Scam-hit International Leasing and Financial Services Limited (ILFSL) is going to seek a long-term, low-cost fund from the finance ministry and the Bangladesh Bank to repay depositors’ money.

“Now we need such a fund to pay back depositors and revive the company as it is facing a financial crisis,” said Md Mashiur Rahman, managing director (current charge) of ILFSL.

This was still at the planning stage and the ILFSL board would submit a proposal to the finance ministry and the central bank next month, he said.

He also told The Business Post the fund’s amount was yet to be finalised. “The fund may come with a one-year grace period.”

ILFSL has recovered Tk 116 crore from defaulters since Nazrul Islam Khan’s appointment to the board.

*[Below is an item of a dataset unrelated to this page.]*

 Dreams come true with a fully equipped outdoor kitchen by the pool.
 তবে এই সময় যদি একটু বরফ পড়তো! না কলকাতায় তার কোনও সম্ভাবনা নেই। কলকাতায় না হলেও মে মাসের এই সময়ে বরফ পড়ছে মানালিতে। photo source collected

The High Court on March 22 last year appointed Nazrul, a retired senior secretary of the government, as a new independent director and chairman of the company.

The court on July 6 this year also appointed five independent directors to the ailing non-bank financial institution (NBFI) in a bid to revive it.

The NBFI has already paid back 1,892 depositors on humanitarian grounds, as per its officials.

The company’s total depositors stood at 4,019 till December last year. Of them, 3,071 were individual depositors, and 948 corporate depositors.

The NBFI’s total deposits stood at Tk 2,767.66 crore in December 2019, and Tk 543.67 crore of that was from individual depositors.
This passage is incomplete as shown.